There are millions of recent college grads that are about to enter the workforce, and even though most of these young adults are enjoying real independence and will start experiencing the “day in and day out” of real life some of these recent grads are not prepared to handle the financial responsibilities that come along with that freedom and that new job.
Unfortunately many credit card companies target young adults in college because they know that most will be gainfully employed by the time they graduate, compound that with the fact that most college graduates are carrying a certain amount of credit card debt, so they’re already starting out faced with a significant hurdle.
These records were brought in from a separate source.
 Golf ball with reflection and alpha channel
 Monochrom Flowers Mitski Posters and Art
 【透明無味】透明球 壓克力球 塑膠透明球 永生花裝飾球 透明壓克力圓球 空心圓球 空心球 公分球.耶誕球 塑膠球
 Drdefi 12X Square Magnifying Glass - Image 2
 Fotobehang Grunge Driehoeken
According to experts 60% of recent graduates owes money after graduation for student loans, with an average of $20,000. $20,000 is a significant dollar amount due to the fact that the average media starting salary is around the range of $25,000.
The great thing about where a recent college graduate is at their life is that they don’t have a lot of overhead. They’re young, probably not married, and most likely don’t have children so college grads are at unique points in their lives where they have the opportunity to live very lean, and establish a budget to pay off debt.
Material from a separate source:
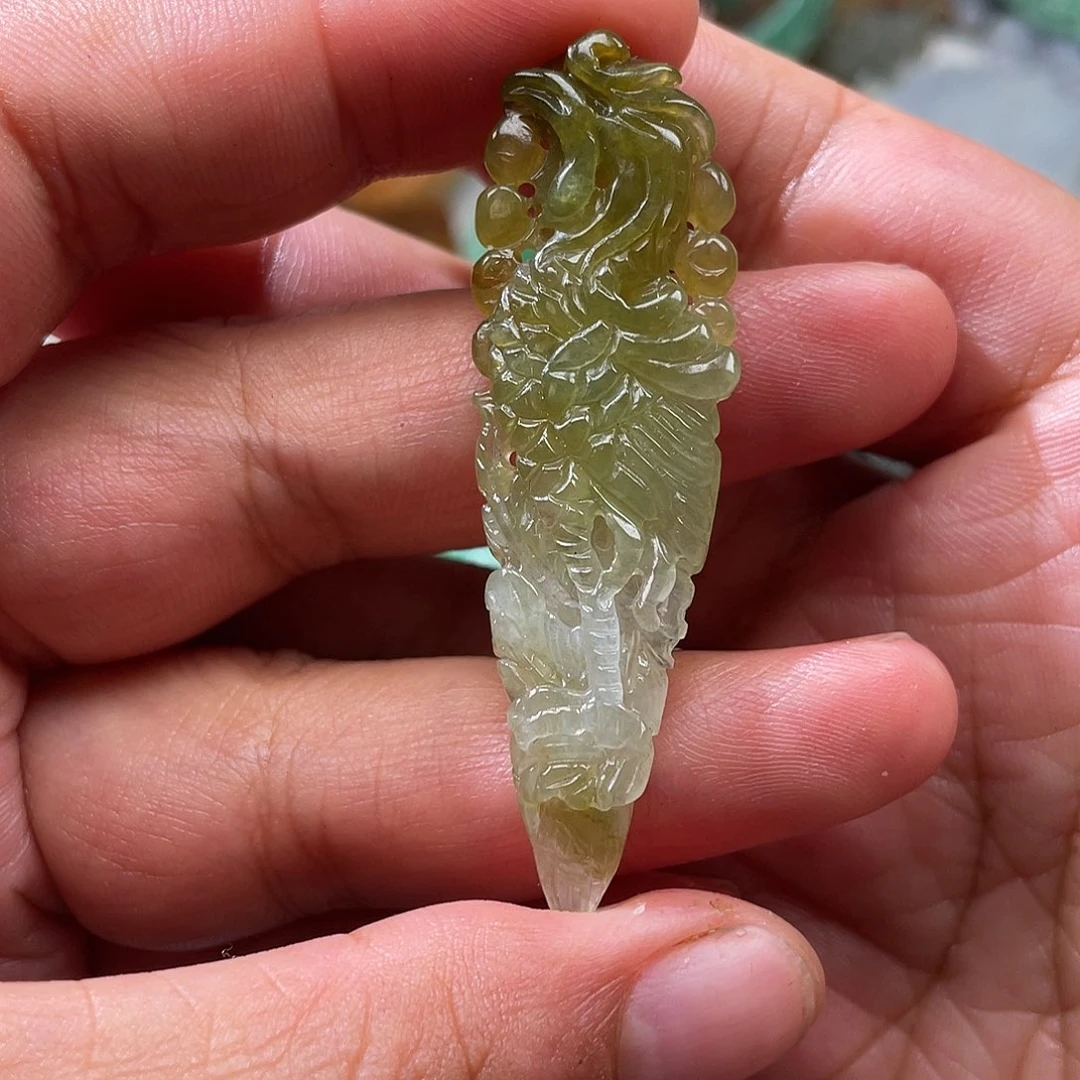 颈饰未镶嵌翡翠翡玉缘翡翠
Here are some great tips that should start recent grads out on a good foot:
Keep track of every dollar. Establishing a budget is the most important thing you can do after your graduate college. Tracking your expenses is very important so you can get a firm grasp of how and where your money is going.
Save now. The best time to start saving is always now, even if it’s a small dollar amount it’s imperative that you have some sort of savings set aside. If you begin to start saving right out of the gate you should have a significant savings account when you’re ready to retire.
Pay off your credit cards ASAP. This may seem like a no-brainer but to a lot of college graduates it’s not obvious to them, and they continue to use their credit cards to make purchases that they can’t afford. If you don’t have the cash to pay for a purchase, simply, don’t buy it.
Set up bill pay. When you’re first out in the “real world” you realize that it’s a little different than living in a dorm and you may be unfamiliar with the volume of different bills that you’re going to be inundated with. The best thing to do is set up bill pay with your bank to pay your bills, utilities, cable, credit cards etc,. should be all set up for payment on a schedule that way you won’t be late.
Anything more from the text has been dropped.